I've been trying a few different combinations of sweep level, and input level at the interface, as i cannot control the input from within the prog. They all come out pretty much the same. It seems odd to me that there is a 15/30 db variation from "0" in freq response from the unit. 

I also get the occasional " Impulse not where it should be", alert, if that helps at all...... 

Thanks,
Gio


----------



## brucek (Apr 11, 2006)

> Digidesign interface


That's certainly not a soundcard calibration file.

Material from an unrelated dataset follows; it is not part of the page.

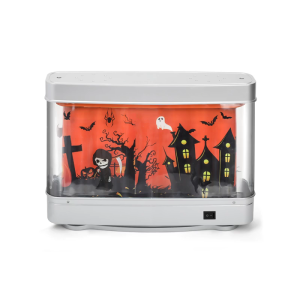 โคมไฟตั้งโต๊ะแบบพกพาพลาสติกไฟกลางคืนฮาโลวีนสำหรับตกแต่งบ้านของตกแต่งงานปาร์ตี้เด็กไฟ LED ขับเคลื่อนด้วย USB เป็นมิตร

Maybe you better tell me something about this Digidesign interface. Is it a soundcard with an analog line-in and line-out?

brucek


----------



## Gio (Jul 7, 2008)

Hehe... That's pretty much the response I was expecting! :scratch:

The Digi-002 is a firewire interface that works in conjunction with the ProTools DAW software. It has 8 analog inputs, and 8 analog outs (plus digital in/out options as well). Without launching the software, it can be accessed via the MAC Core audio driver, which is how I have connected it for these measurements. I'm beginning to think that the two just won't play nicely together....

Gio


----------



## JohnM (Apr 11, 2006)

You might be able to access it by setting it as the default input and output in Sound preferences and selecting CoreAudio as the input device in the REW soundcard settings. If it doesn't work the built-in audio works fine for measurement purposes as long as you have a line input.


----------



## Gio (Jul 7, 2008)

JohnM said:


> You might be able to access it by setting it as the default input and output in Sound preferences and selecting CoreAudio as the input device in the REW soundcard settings. If it doesn't work the built-in audio works fine for measurement purposes as long as you have a line input.


Hi John,

This is exactly what I've done. The built in audio looked even crazier!(there _is _a line input) I'll try it again with different cables....


----------



## Gio (Jul 7, 2008)

Hi all,

Finally back. This is what I got using the Mac soundcard, line out-R, line in-R. Any thoughts?

Thanks,

Gio


----------



## brucek (Apr 11, 2006)

You're not getting any signal there. That's just noise...

brucek


----------



## spreston (May 21, 2008)

Gio:

Last night I posted a quick memo regarding use of the MacBook with REW; hope that helps.


----------



## Gio (Jul 7, 2008)

spreston said:


> Gio:
> 
> Last night I posted a quick memo regarding use of the MacBook with REW; hope that helps.


Hi spreston,

Thanks for the tips, although after having done all of that, I'm still left with the same reading. I went so far as to turn off the wifi card, and unplug eveything but monitor and keyboard. :scratch: 

Gio


----------



## Gio (Jul 7, 2008)

brucek said:


> You're not getting any signal there. That's just noise...
> 
> brucek


Hi brucek,

Out of pure frustration, I unplugged everything, including the dummy i had in the headphone jack (this mutes the speaker). Then for giggles, I started the cal procedure. Instead of the 1k tone coming out of the speaker, it sounded like a door buzzer. Does this shed any light?

Gio


----------



## JohnM (Apr 11, 2006)

Do you have an Intel Mac or a PowerPC Mac? There seems to be a Java bug with the PowerPC Macs that results in sound data being byte-swapped.


----------



## Gio (Jul 7, 2008)

PowerPC :bigsmile:

Is there a patch, or should I just chisel open the wallet and buy a soundcard for my Dell laptop?

Thanks,

Gio


----------



## JohnM (Apr 11, 2006)

No patch, sorry, may need to go the Dell route.


----------



## Gio (Jul 7, 2008)

Oh well....

I'll report back when I get that together. Thanks for the help, though. :T

Gio


----------